DESINFIZIERT & BRINGT FRISCHE IN IHR HAUS.
DIREKTKAUF.
170 RS FÜR 5 LITER.
    Könnte ich doch jetzt den reinigenden Duft von Desinfektionsmittel einatmen,
dachte Kudwa. Er blickte nach oben und entdeckte den dunklen Stern vom vergangenen Weihnachtsfest über seinem Café.
    «Glauben Sie … sie erwarten, dass ich bis zur Genossenschaft mitkomme?»
    «Wovon redest du, Ibrahim?»
    «Ich meine, ob Mrs Puri und Mr Puri erwarten, dass ich bis zur Genossenschaft mitkomme?

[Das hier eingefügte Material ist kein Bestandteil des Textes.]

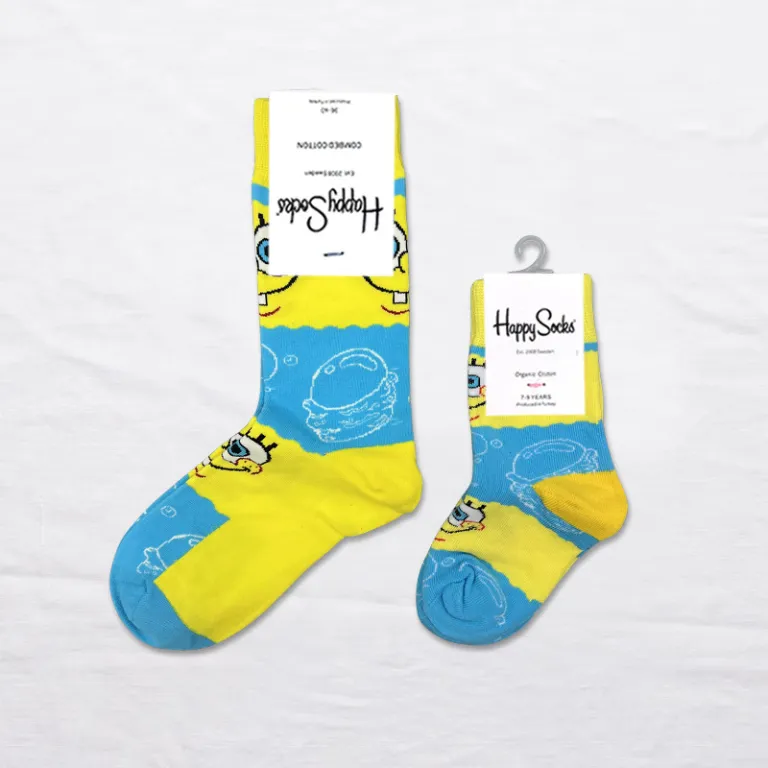 جوراب بچگانه HappySocks طرح کارتونی ساق متوسط مدل هایپی مناسب دختر و پسر برای استفاده بیرون از منزل طرح بامزه عمده و خانوادگی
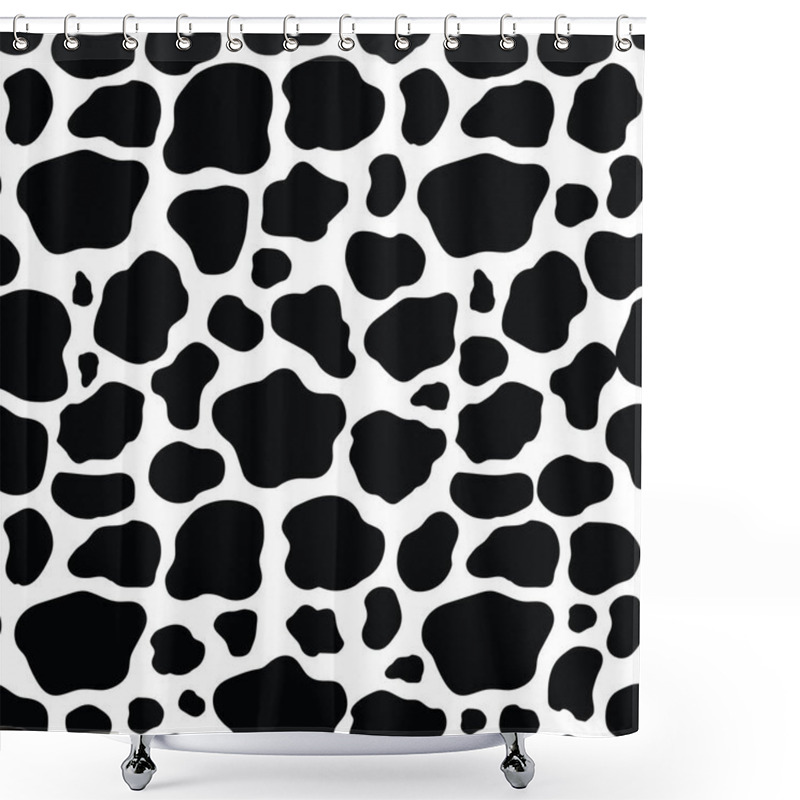 Personality  Vector Black And White Cow Texture Seamless Pattern Background Shower Curtains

Oder wissen sie auch, dass ich die Sache unterstütze, wenn ich bloß bis hierher mitgehe und dann wieder umkehre?»
    «Ibrahim,
ich
erwarte, dass du bis zur Genossenschaft mitkommst. Wir müssen sichergehen, dass Mr und Mrs Puri in Sicherheit sind. Sonst
machen
wir doch gar nichts.»
    Die Tür des Internetcafés ruckelte. Kudwa fiel ein, dass sie nichtvon innen doppelt verriegelt worden war. Wie oft hatte er Arjun gesagt, dass jemand von außen das Schloss knacken und die Computer stehlen könnte, wenn er nicht …
    «Ibrahim! Ich brauche dich.»
    «Komme schon.»
    In Sichtweite der Vishram Society wurden die beiden Männer entdeckt.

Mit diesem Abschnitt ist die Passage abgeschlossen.